And how to avoid them…
The scramble for bargains and supposedly unbelievable savings, whatever your thoughts about Black Friday are, brings with it a spike in cybersecurity threats. Cybercriminals will be just as keen to take advantage of you as you are desperate for bargains. There are plenty of Black Friday 2020 scams.
In this article, we look at some of the scams you should look out for and what you can do to protect yourself.
Why is Black Friday primetime for cyber crime?
Black Friday is traditionally the Friday following the US holiday ‘Thanksgiving’. In the UK, we know it as an awful lot of hype and margins that are not always what they seem. That aside, Black Friday is part of our world, love it or hate it, it is here to stay.
It is estimated that UK consumers will spend over £6 billion over the Black Friday weekend, which starts this year on Thursday! Hmmmm. There was even a company offering a Black Friday month! Spare us, please! On average, each shopper will spend around £300. This is why scammers will be on the top of their game this November.
Many people will visit dangerous web sites as they look for bargains and they pay the price for doing so. Perhaps they will click on a phishing email claiming to offer a bargain or masquerading as a confirmation email from one of the big sites. Whatever happens, the threat is real.
Here are some common scams…
Fake order confirmation emails
When you are online looking for deals, an email pops up from a site you have recently purchased from. However, it doesn’t look right. The price is not what you though or perhaps it is not the product you ordered. Either way, it looks like there has been a mistake.
The danger here is the link you can click on to find out what you have supposedly ordered. This is a classic case of phishing and several things can happen: you click on the link and you arrive at a website that looks like the company you ordered from. Many of the main sites are often impersonated, so be careful. Once you arrive you are challenged, as you would expect, for your username and password. You of course enter it, why wouldn’t you? You are at a site you trust. Sadly, it isn’t, it is bogus and you are handing over your details to the real site. This means they can spend your money and have goods delivered to an address that isn’t yours!
The alternative they offer is to download a document and ask you to ‘enable content’ which will actually add malware to your system, causing all sorts of problems. If you don’t click on ‘enable content’ and close the document, no harm will be done.

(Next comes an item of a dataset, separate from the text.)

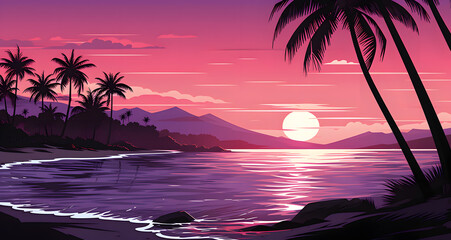 the sun is setting over some tropical trees on the beach - Powered by Adobe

In order to protect yourself, look for the padlock on the left hand side of the page URL or look for spelling mistakes in the company name.

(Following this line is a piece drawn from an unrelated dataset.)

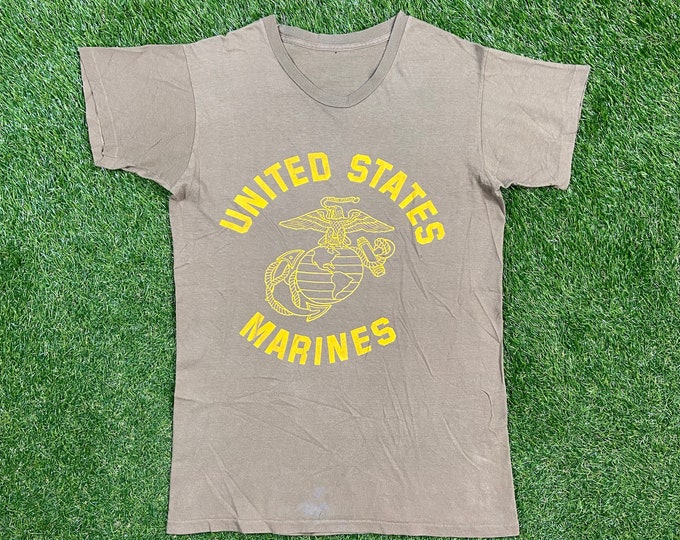Vintage USMC United States Marines Corps T Shirt Tee Size Medium M 1980s Navy Army Military 80s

The dangers of public Wi-Fi
As a former retailer, I am familiar with the challenge of being a showroom for another retailer or online seller. People see what you have and wonder if they can find it somewhere else cheaper.
We all do this. It is sad but we all do this. So, we hop onto the shop’s non-secure wi-fi, and find Amazon or similar has the same item on sale for a little less. You hesitate and suddenly, a pop up appears offering you a 10% discount. What a deal!!! Of course, the time for this deal is running so it’s decision time! What do you do?

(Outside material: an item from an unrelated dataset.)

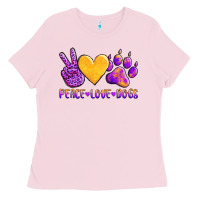 Bubblegum Pink peace love dogs Ladies Tee - AdoDesignShop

Do not buy the TV online there and then. You should never buy things online using public wi-fi, because you can’t be sure that the connection is secure. It doesn’t matter whether you have to enter a password or log in, as any network that’s set up for the public can and will be abused.
The technical term for this type of scam is a man-in-the-middle attack. They work by exploiting a flaw in the network to intercept traffic going to and from victims’ devices. When you use public wi-fi to buy something online, there’s always a chance that a cybercriminal is monitoring your activity and logging your payment card details.
If you must shop online whilst you are out, you should use your mobile data if you can. It’s not 100% secure, but it’s much harder to tamper with than public wi-fi. The alternative is to use a VPN stop your device being monitored.
Instant messaging scams
We all use WhatsApp or Nextdoor or similar. Black Friday 2020 scams can be found here too. This is an obvious scam as you’re likely to see, as your contacts presumably don’t normally make a habit of spamming you with marketing offers. However, it’s reasonable to believe that Black Friday might be the exception. There are a huge number of deals online, and it’s nice to know that someone’s thinking of you when they discover a bargain. Except they may not be!
This type of unsolicited message which may contain a link should be viewed with great care. Your friend or contact may not have sent you the message at all! The way this works is that the cybercriminals begin by creating a bogus website that looks like that of a legitimate online retailer. Next, they hijack instant messaging accounts by phishing their owners or sending them keylogging malware, or both!
How does it work?
From here, the scam looks a lot like the Amazon phishing scam described earlier. You click the link, which causes your computer to download a file containing malware. This type of scam is now very common. They are harder for the scammer to achieve the right result but they bypass email security such as spam filters. You are more likely to click a link straight away when it appears to be part of an ongoing chat.
When it is sent as an email, you have more time to consider it and you can go back to it or your security software may flag it as potentially dangerous. Dangerous links can be sent on any communication platform. Make a habit of viewing links with caution and keeping an eye out for anything that seems too good to be true.
IF IT IS IMPORTANT YOUR CONTACT WILL SEND IT AGAIN! If it is a scam…they won’t…Enjoy Black Friday and be careful out there and watch out for the Black Friday 2020 scams.